> > There seems to be no relationship with cluster metadata availability or
> > staleness. Expiry is just based on the time since the batch has been
> ready.
> > Please correct me if I am wrong.
> >
>
> I was not very specific about where we do expiration. I glossed over some
> details because (again) we've other mechanisms to detect non progress. The
> condition (!muted.contains(tp) && (isMetadataStale ||
> > cluster.leaderFor(tp) == null)) is used in
> RecordAccumualtor.expiredBatches:
> https://github.com/apache/kafka/blob/trunk/clients/src/
> main/java/org/apache/kafka/clients/producer/internals/
> RecordAccumulator.java#L443
>
>
> Effectively, we expire in all the following cases
> 1) producer is partitioned from the brokers. When metadata age grows beyond
> 3x it's max value. It's safe to say that we're not talking to the brokers
> at all. Report.
> 2) fresh metadata && leader for a partition is not known && a batch is
> sitting there for longer than request.timeout.ms. This is one case we
> would
> like to improve and use batch.expiry.ms because request.timeout.ms is too
> small.
> 3) fresh metadata && leader for a partition is known && batch is sitting
> there for longer than batch.expiry.ms. This is a new case that is
> different
> from #2. This is the catch-up mode case. Things are moving too slowly.

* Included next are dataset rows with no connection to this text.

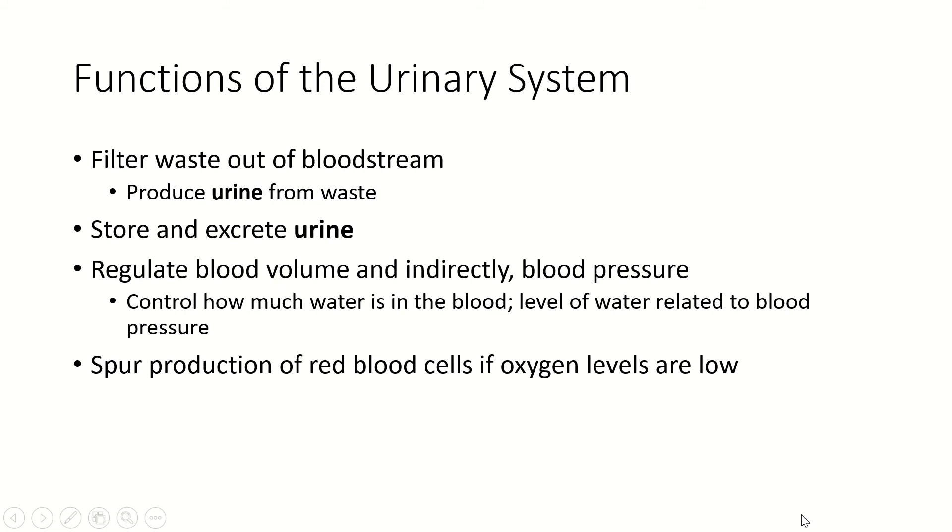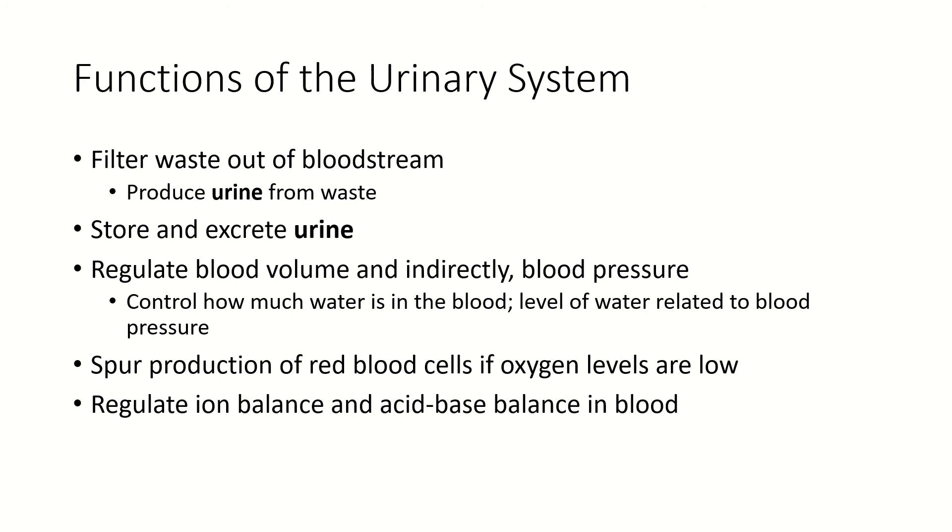The kidneys are also going to produce hormones that spur the production of red blood cells if oxygen levels are low, so they're constantly measuring oxygen levels. They are also going to regulate ion balance and maintain the pH balance in the blood. The pH balance also involves the respiratory system, which you'll talk more about in physiology. In this class, what you need to know is that the kidneys can remove excess ions — hydrogen ions, hydroxide ions, or any other ions — to maintain the blood pH within a very narrow healthy range.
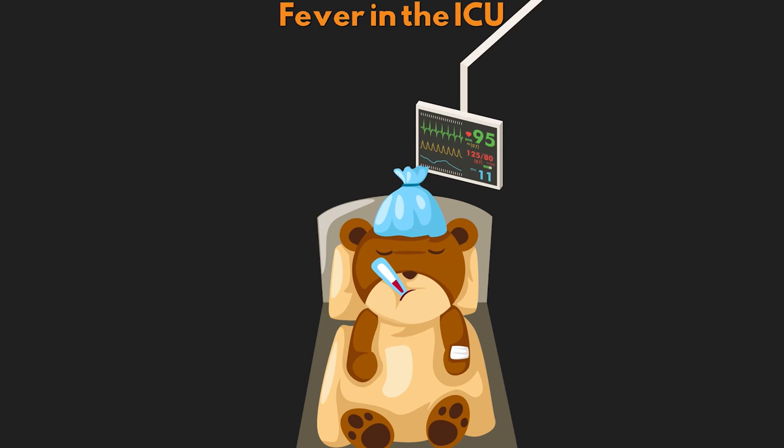A fever is thought to be present in anywhere from 26 to 88% of patients in the ICU, really depending on the type of ICU, with the medical ICU being the most common. In fact, 70% of ICU admissions are complicated by fever. There's a lot to understand about this physiologic process, so let's get into talking about fever now.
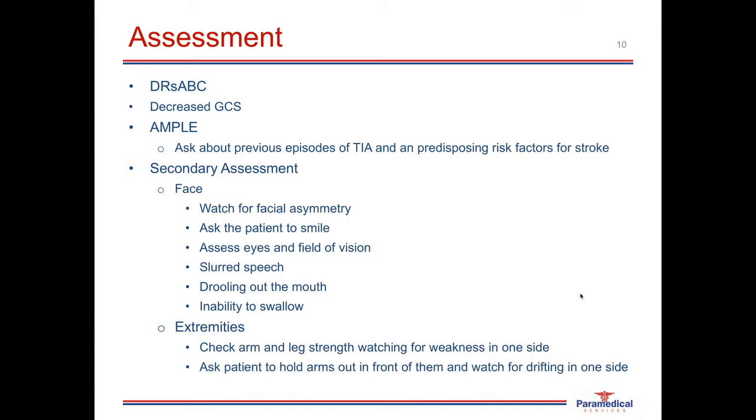Another test for assessing the arms is to ask the patient to lift both arms to eye level and hold them out in front. Some patients may only be able to lift one arm. If they can lift both arms to the same level, ask them to close their eyes and watch for one arm drifting away — this is a very clear sign of hemiparalysis.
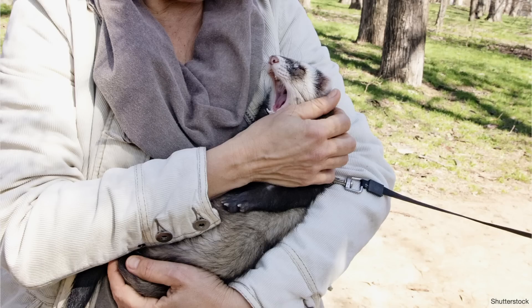So the next time you get a rapid, non-invasive pathogen test, it might not be a human with a pipette, but a little ferret on a leash doing all the work. Animals really are our best friends. It's not just that they love us unconditionally — it's that they can truly save our lives.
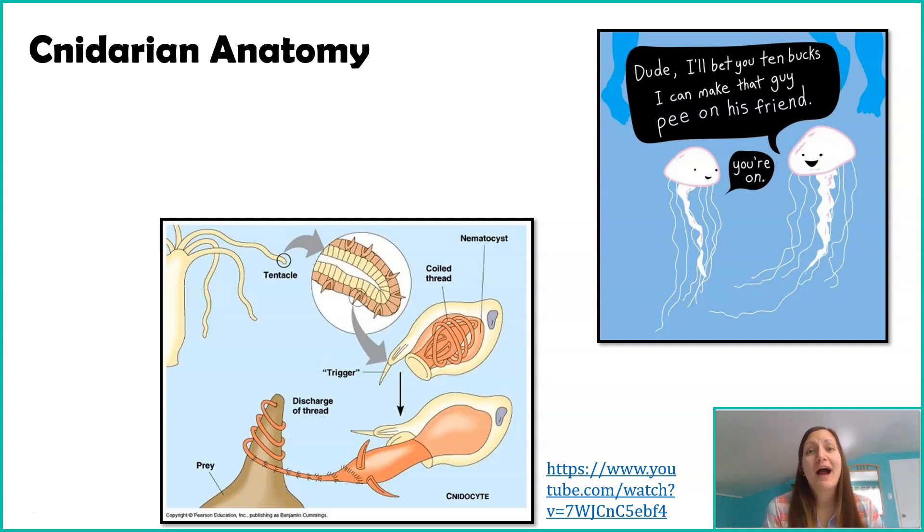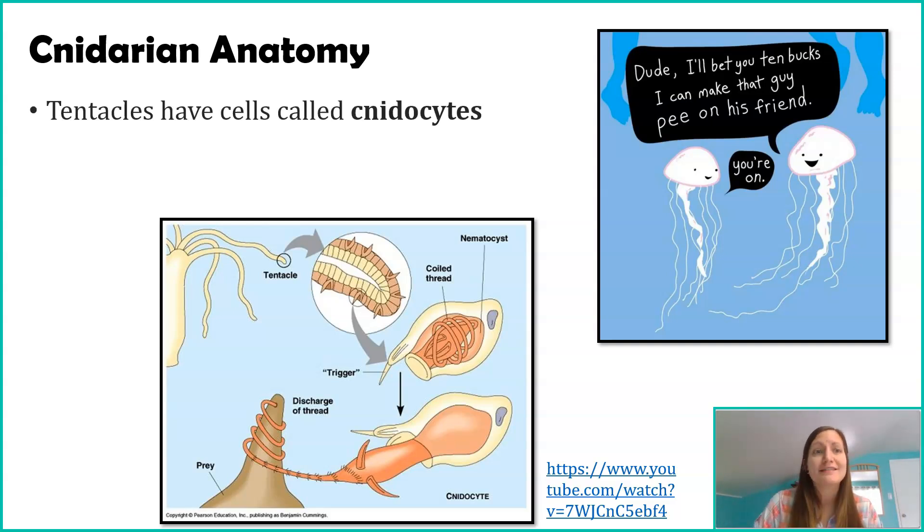The last thing I want to talk about is Cnidarian anatomy. This is Part 1 of things that can kill you in the ocean. They can kill you if you get stung by an Australian jellyfish — anywhere else in the world you're probably fine, with a star next to that, because I'm not a doctor. The most classic characteristic of Cnidarians is their stinging ability, which has direct human health implications. The only part of a jellyfish that stings you is the tentacles — that's the only place these specialized stinging cells exist, and those stinging cells are called cnidocytes.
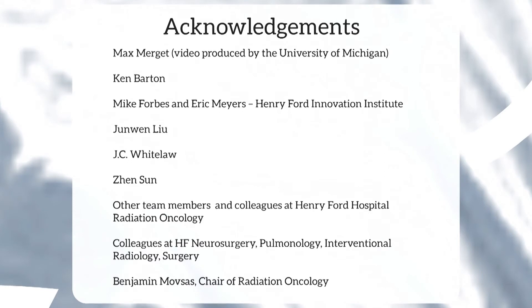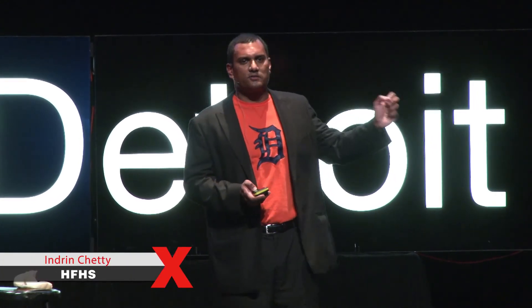I've given you a sampling of some of the pioneering and innovative research taking place right here in the city of Detroit. I want to thank Max Mergett, and I want to acknowledge my colleagues and collaborators — I'm so fortunate to be working with such a dedicated group of individuals. I want to give a shout-out to my chairman, Dr. Ben Moffsus. Ben empowers us to innovate and do better for our patients every day. Well, we've reached the top of the mountain, and although we haven't yet conquered cancer, technology and innovation has unequivocally changed the lives of our cancer patients. And if you have any doubt, perhaps Max's story will convince you otherwise — Max is now cancer-free and a second-year college student at Grand Valley State University. Ladies and gentlemen, I'd like to introduce you to Max Mergett.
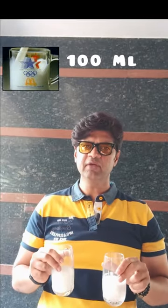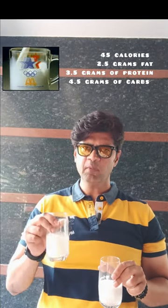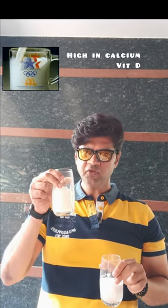100 ml of cow's milk will give you approximately 45 calories, 2.5 grams fat, 3.5 grams protein, 4.5 grams carbohydrates, and 3.7 grams sugar in terms of lactose. This may not be ideal for people who are insulin resistant and lactose intolerant. Also, this is very high in calcium and vitamin D.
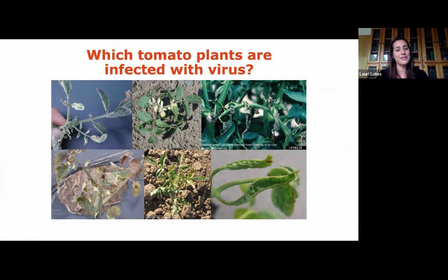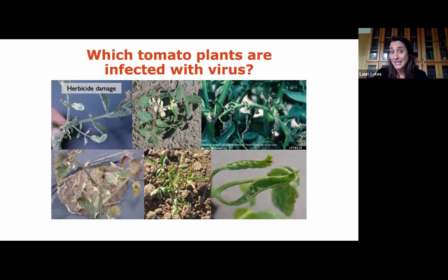Looking at six leaf images, it's really hard to tell what's causing damage. The first two are herbicide damage, the third is tomato spotted wilt virus, the next two are herbicide damage again, and the last is tomato mosaic virus — all on tomato plants, not cherry. This illustrates the importance of diagnosis when working with viruses.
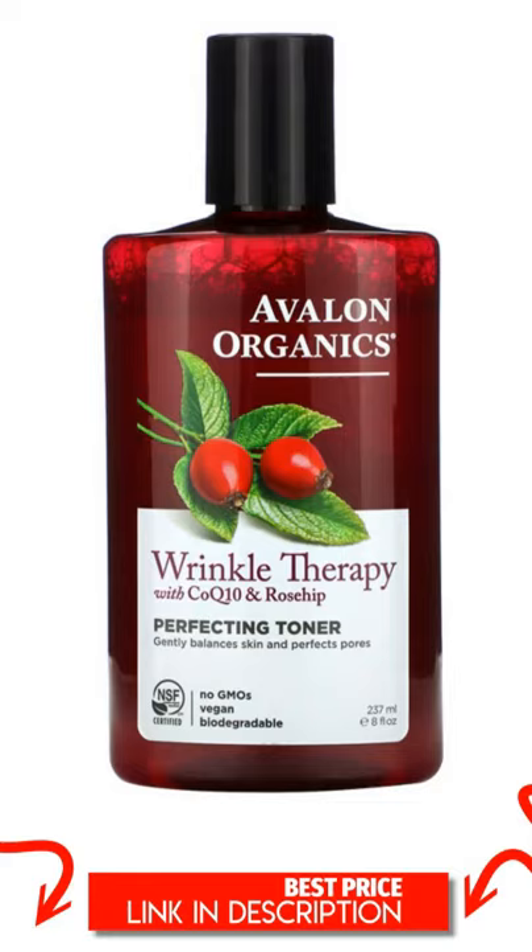Avalon Organics, Wrinkle Therapy with Coenzyme Q10 and Rosehip, Perfecting Toner, 8 fluid ounces, 237 milliliters.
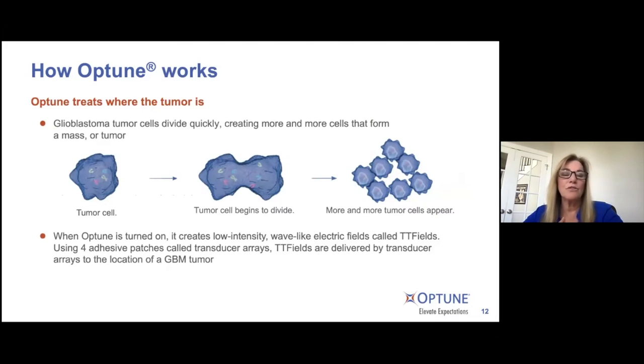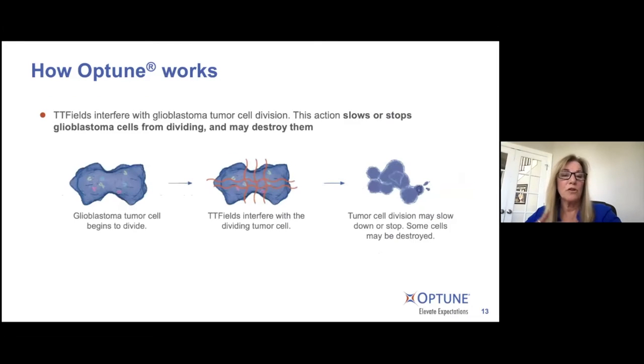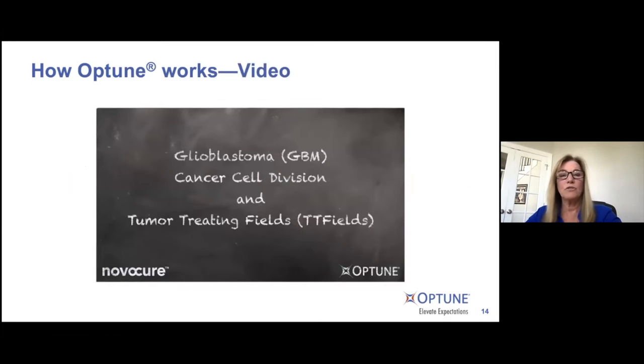How does it work? A tumor's only job is to continue to proliferate and grow into additional cells. What happens is that the intermediate, low intensity, intermediate frequency of the TTFields disrupts the tumor's ability to continue to grow — either slowing or stopping the GBM cell from dividing and ultimately may destroy them. Everything I'm presenting today can also be found on our comprehensive Optune.com website.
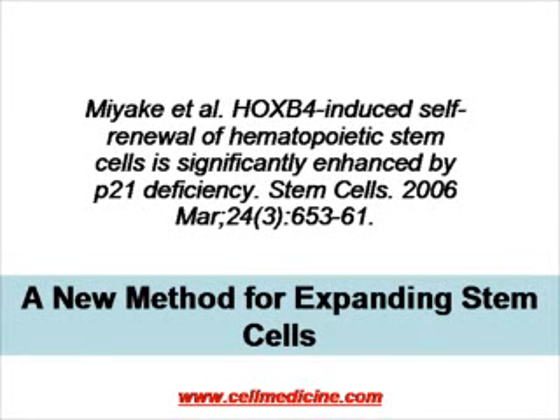Stem cells are a clinical reality. However, in order to increase the efficacy of stem cells as a therapeutic possibility, it is important to understand what makes a stem cell a stem cell — what molecules allow stem cells to make copies of themselves so that the stem cell population is maintained, and what allows the stem cell to differentiate into specific tissues.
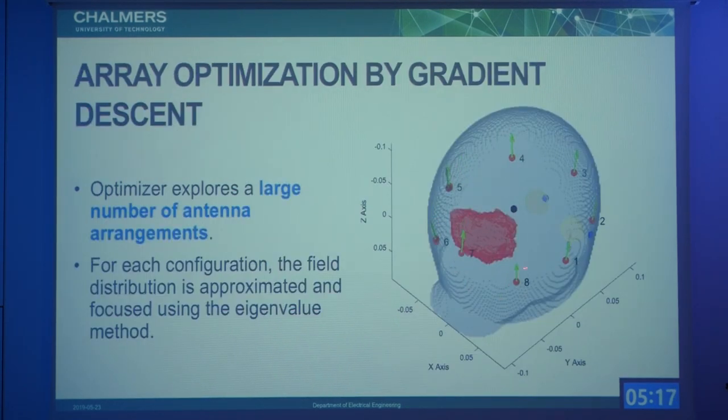This is a video of the optimizer. It starts from an initial guess — for instance, eight antennas on a ring — and then explores many locations to optimize. In this case we target a medulloblastoma in a child model; the tumor is quite large and close to the surface. You can see the optimizer moving the antennas towards the target volume, which is possible because of this fast approximation. The whole optimization takes approximately one day.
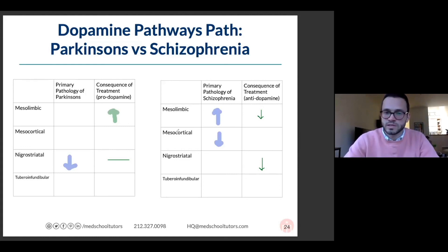Another clinical correlate to this pathway: if someone has a pituitary adenoma that produces prolactin, you treat them with dopamine drugs — cabergoline, bromocriptine, pramipexole — direct dopamine agonists, the same ones used for Parkinson's, to inhibit the prolactin production from their tumor.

> Pipeline SLAs are broken. Report and shutdown kmm.
>
> The second and the third cases are useful to a real-time app for a
> completely different reason. Report, forget about the batch, and just move
> on (without shutting down).
>
>
If I understand correctly, you are talking about a fork of apache kafka
which has these additional conditions? Because that check doesn't exist on
trunk today. Or are you proposing to change the behavior of expiry to
account for stale metadata and partitioned producers as part of this KIP?